Brief descriptive captions:
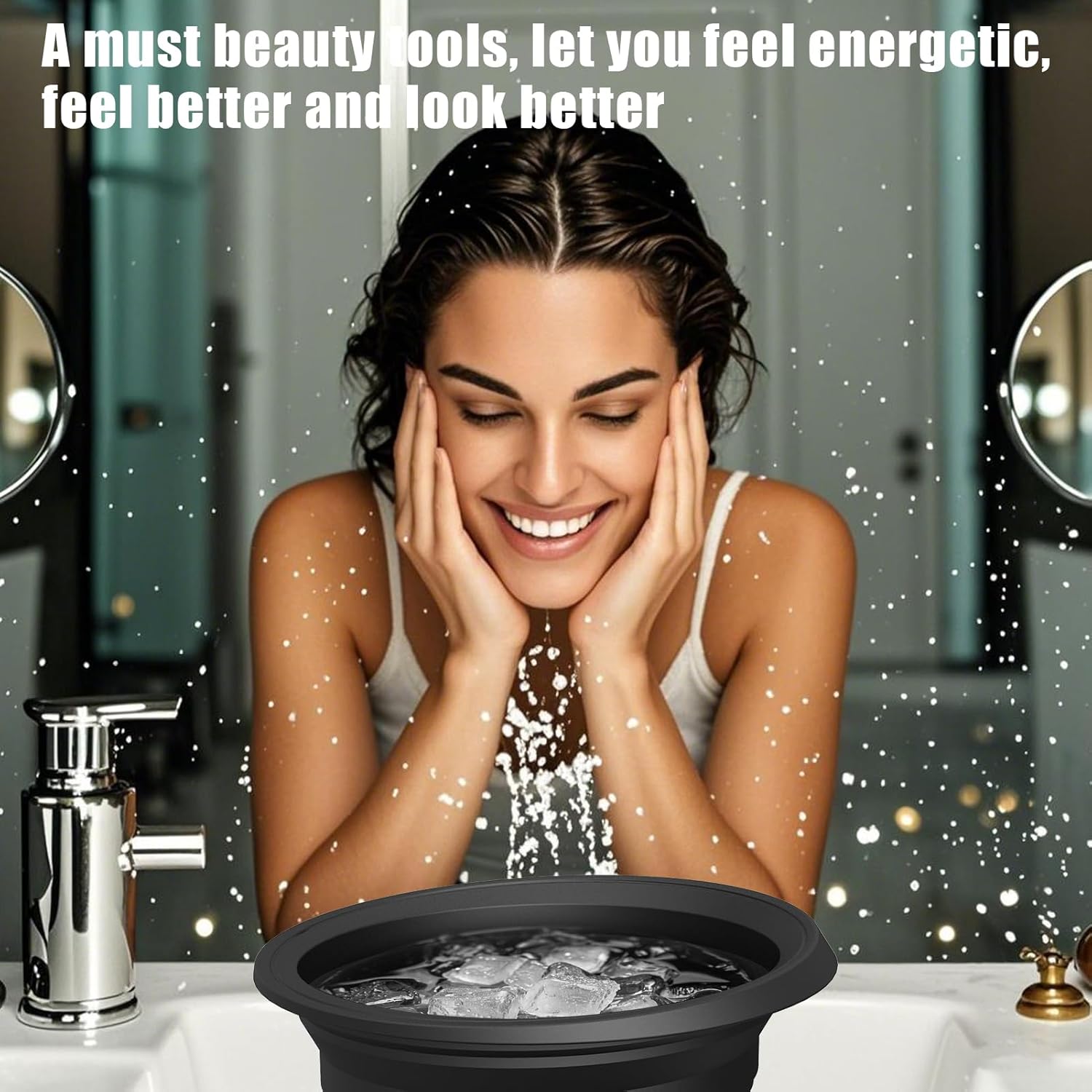 Silicone Ice Face Bowl – Collapsible Ice Tray for Face Dipping & Skin Icing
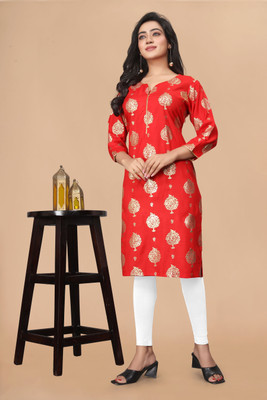 SUIT ICON Women Printed A-line Kurta(Red)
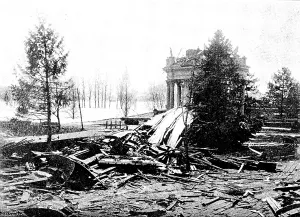 Hurricane Prints: The Cyclone at Louisville, Kentucky, United States: the Waterworks, 1890. Creator: Unknown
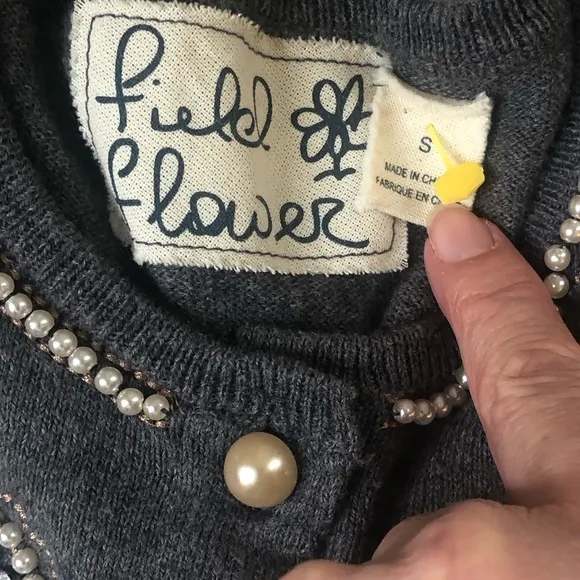 Anthropologie Field Flower Pearl Beaded Gray Cardigan Sweater Small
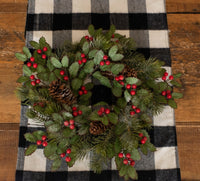 #G191550 Snowy Holly 16In Candle Ring With Pine, Berries & Cones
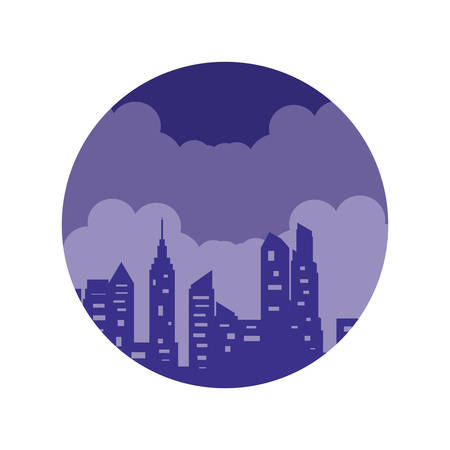 Illustration pour buildings cityscape scene purple sky in frame circular vector illustration design - image libre de droit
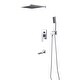 preview thumbnail 12 of 16, Rain Shower System with Waterfall Tub Spout 3 Function Bathroom Shower Faucet Set Contain 12 Inch Shower Head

> **Problem**: Pictures aside, repeat each entry in full and without change.

> **Exercise answer**:
 Silicone Ice Face Bowl – Collapsible Ice Tray for Face Dipping & Skin Icing
 SUIT ICON Women Printed A-line Kurta(Red)
 Hurricane Prints: The Cyclone at Louisville, Kentucky, United States: the Waterworks, 1890. Creator: Unknown
 Anthropologie Field Flower Pearl Beaded Gray Cardigan Sweater Small
 #G191550 Snowy Holly 16In Candle Ring With Pine, Berries & Cones
 Illustration pour buildings cityscape scene purple sky in frame circular vector illustration design - image libre de droit
 preview thumbnail 12 of 16, Rain Shower System with Waterfall Tub Spout 3 Function Bathroom Shower Faucet Set Contain 12 Inch Shower Head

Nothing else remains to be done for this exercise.